::: Records for this task

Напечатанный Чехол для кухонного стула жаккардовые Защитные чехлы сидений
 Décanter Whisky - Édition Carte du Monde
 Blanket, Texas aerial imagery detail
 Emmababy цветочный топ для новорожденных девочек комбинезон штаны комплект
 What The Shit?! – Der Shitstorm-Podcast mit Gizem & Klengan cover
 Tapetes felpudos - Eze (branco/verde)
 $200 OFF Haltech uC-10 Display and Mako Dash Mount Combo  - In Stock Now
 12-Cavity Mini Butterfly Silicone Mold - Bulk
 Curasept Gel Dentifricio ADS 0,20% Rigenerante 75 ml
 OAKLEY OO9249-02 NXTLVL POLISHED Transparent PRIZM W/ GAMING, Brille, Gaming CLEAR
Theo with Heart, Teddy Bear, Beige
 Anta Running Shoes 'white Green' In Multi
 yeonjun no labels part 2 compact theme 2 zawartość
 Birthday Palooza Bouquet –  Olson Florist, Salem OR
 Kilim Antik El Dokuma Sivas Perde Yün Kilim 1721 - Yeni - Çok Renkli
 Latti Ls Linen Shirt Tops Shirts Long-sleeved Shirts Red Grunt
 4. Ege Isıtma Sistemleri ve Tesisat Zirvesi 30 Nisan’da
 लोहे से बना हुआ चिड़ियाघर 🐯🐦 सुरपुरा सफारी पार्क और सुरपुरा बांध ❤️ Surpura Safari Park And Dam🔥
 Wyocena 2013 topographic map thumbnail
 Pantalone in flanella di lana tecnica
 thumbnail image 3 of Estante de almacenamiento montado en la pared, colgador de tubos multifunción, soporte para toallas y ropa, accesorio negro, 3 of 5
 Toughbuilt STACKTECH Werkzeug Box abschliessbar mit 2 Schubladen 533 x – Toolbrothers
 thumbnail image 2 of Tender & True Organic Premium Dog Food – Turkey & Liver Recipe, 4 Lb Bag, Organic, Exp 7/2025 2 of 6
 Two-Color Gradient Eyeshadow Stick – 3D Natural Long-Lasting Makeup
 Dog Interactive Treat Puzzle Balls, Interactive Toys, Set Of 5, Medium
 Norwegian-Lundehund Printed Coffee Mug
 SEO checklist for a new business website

::::::

◆ The problem
Your output should be the lines from the one with "thumbnail image 3" through the end of the records above, copied exactly.

◆ Response for this exercise
 thumbnail image 3 of Estante de almacenamiento montado en la pared, colgador de tubos multifunción, soporte para toallas y ropa, accesorio negro, 3 of 5
 Toughbuilt STACKTECH Werkzeug Box abschliessbar mit 2 Schubladen 533 x – Toolbrothers
 thumbnail image 2 of Tender & True Organic Premium Dog Food – Turkey & Liver Recipe, 4 Lb Bag, Organic, Exp 7/2025 2 of 6
 Two-Color Gradient Eyeshadow Stick – 3D Natural Long-Lasting Makeup
 Dog Interactive Treat Puzzle Balls, Interactive Toys, Set Of 5, Medium
 Norwegian-Lundehund Printed Coffee Mug
 SEO checklist for a new business website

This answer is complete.